Wednesday May 25, 2011

Build Infrastructure Project

So the Build Infrastructure Project for OpenJDK has finally gotten started. Please go to the project page for details, this is just some ramblings and babbling that people may find interesting. Hopefully not containing too many outright lies and mistakes, but if there are any, they belong to me and me alone. Most importantly:

The views expressed on this blog are my own and do not necessarily reflect the views of Oracle.

So what is this Build Infrastructure project all about? Does "makefiles".equals("BuildInfrastructure")? No, but close, maybe "BuildInfrastructure".startsWith("makefiles")&&"BuildInfrastructure".endsWith("makefiles") :^)

For a long time now, most changes to the JDK makefiles and build process has been evolving slowly, some may say glacially, and it has certainly been fragmented. :^( I've been involved for many years now in trying to do some simplifications, and changes to the original Sun JDK Makefiles via the initial Peabody (JRL) project, and then OpenJDK.

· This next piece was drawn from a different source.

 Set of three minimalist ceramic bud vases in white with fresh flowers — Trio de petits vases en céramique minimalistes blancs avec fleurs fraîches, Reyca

I can't speak to the very original JDK Makefiles (JDK 1.1), but from where I entered the picture (and this is just my opinion) the makefiles for the most part, served the Release Engineering (RE) team for building the product, and developers just had to navigate around and find useful patterns that allowed them to get their job done, often times only building small parts of the JDK any way they could (and avoiding complete JDK builds at all costs). The important builds came from RE, and as long as their builds were successful, always from scratch, all was well with the world. But the developers suffered from:

  • No good or reliable incremental builds
  • Slow builds of Java source
  • Incorrect assumptions about *.java timestamps and what needs to be compiled
  • Implicit compilations by javac confusing matters
  • The "one pile" of "classes/" build scheme (related to the implicit issue)
  • Poor automation around source list selections and when and how javah is run
  • Like plastic bags, it was important to avoid sticking your head into the makefiles too completely:

Multiple events happened over time that triggered evolutionary changes to the JDK build processes. I don't have actual dates for these, but you get the general idea:

  • Hotspot, fastdebug builds, plug&play shared libraries (removal of java_g)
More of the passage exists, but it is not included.